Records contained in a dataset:
------------------------------------------------------------
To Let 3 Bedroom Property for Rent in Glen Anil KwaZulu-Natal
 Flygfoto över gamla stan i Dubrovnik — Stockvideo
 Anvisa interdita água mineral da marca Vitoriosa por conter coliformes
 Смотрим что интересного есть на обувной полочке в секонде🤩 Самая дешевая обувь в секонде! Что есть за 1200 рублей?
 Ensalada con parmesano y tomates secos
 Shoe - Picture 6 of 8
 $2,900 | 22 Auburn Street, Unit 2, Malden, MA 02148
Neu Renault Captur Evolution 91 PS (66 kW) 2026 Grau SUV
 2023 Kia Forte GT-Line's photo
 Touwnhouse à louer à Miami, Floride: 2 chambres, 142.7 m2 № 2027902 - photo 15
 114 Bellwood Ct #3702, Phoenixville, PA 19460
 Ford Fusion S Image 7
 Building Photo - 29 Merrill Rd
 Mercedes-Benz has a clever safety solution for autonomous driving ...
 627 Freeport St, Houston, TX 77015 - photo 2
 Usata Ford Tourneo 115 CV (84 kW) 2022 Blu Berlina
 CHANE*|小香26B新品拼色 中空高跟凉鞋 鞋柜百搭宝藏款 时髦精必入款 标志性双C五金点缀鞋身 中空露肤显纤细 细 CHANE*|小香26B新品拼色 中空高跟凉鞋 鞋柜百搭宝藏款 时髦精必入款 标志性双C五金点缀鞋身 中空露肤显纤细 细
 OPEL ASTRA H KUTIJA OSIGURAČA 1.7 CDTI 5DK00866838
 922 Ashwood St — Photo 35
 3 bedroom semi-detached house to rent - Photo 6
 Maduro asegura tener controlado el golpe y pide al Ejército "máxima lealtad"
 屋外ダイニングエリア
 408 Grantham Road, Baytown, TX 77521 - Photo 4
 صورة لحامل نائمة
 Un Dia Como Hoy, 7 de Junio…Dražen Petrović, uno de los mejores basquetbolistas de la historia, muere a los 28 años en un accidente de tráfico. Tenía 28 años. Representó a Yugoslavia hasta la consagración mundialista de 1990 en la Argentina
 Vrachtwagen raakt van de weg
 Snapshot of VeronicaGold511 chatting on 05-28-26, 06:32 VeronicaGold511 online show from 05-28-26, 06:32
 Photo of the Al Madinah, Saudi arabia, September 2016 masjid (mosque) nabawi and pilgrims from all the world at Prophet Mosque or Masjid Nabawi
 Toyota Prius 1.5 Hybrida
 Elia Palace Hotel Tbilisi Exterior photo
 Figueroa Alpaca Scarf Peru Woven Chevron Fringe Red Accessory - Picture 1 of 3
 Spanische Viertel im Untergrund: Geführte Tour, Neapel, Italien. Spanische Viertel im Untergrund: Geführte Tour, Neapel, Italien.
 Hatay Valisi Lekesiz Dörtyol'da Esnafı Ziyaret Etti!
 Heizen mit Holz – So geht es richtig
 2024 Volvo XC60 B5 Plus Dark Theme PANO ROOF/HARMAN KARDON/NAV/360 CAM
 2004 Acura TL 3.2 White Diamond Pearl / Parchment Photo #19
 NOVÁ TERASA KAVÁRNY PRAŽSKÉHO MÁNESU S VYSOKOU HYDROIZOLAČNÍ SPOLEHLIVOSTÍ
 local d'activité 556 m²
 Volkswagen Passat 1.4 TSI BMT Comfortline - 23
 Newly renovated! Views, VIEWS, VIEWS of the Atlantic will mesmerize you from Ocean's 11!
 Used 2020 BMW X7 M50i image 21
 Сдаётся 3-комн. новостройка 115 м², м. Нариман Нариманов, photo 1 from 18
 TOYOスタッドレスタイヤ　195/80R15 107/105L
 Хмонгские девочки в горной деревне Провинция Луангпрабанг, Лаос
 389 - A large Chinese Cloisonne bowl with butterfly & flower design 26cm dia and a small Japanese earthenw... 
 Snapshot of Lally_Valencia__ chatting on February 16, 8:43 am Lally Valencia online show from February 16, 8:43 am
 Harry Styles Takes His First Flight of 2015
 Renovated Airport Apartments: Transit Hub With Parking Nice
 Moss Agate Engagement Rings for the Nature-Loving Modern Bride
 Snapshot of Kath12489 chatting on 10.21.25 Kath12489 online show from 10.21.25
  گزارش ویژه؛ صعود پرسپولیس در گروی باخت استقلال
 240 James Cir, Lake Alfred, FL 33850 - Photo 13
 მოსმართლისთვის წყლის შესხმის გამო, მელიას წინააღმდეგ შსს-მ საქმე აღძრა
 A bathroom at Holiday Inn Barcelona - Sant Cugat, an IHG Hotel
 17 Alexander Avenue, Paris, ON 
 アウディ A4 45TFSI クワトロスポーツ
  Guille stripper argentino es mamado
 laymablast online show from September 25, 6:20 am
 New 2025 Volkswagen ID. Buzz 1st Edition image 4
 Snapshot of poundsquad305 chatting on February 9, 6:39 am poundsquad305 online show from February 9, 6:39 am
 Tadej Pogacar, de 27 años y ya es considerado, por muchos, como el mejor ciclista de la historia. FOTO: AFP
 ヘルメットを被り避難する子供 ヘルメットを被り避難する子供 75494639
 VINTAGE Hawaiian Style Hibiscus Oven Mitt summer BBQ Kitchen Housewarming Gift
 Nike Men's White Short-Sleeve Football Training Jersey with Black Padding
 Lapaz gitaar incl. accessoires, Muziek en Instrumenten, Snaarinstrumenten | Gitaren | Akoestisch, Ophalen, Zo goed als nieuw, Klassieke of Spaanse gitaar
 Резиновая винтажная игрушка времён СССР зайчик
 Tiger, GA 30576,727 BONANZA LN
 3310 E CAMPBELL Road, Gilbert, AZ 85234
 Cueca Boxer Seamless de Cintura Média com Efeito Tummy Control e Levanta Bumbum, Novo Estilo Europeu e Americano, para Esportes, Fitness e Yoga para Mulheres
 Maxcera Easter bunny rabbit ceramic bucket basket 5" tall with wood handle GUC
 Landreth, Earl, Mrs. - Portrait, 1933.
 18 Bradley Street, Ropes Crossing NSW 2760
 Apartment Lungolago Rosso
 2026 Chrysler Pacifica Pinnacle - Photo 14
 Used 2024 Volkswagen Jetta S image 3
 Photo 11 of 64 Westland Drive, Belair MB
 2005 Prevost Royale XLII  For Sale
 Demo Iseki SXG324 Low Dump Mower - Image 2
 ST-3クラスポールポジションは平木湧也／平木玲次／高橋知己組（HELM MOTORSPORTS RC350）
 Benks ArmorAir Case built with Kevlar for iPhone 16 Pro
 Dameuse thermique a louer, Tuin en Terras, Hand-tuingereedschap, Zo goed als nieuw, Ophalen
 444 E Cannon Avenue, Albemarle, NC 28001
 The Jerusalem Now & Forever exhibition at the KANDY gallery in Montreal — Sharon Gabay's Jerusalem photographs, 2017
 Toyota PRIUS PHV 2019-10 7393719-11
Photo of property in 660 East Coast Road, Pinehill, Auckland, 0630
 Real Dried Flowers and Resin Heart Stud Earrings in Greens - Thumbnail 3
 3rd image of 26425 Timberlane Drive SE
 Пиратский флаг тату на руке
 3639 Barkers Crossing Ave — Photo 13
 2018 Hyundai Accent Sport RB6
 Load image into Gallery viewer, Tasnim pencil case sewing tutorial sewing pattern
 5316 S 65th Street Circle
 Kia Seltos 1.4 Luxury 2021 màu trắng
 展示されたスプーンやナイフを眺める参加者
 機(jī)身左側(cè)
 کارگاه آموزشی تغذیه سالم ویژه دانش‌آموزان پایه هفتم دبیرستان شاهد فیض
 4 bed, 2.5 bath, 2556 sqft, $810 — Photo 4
------------------------------------------------------------
The required answer is each line of the data in which the word "Used" appears.

▶ Your solution
 Used 2020 BMW X7 M50i image 21
 Used 2024 Volkswagen Jetta S image 3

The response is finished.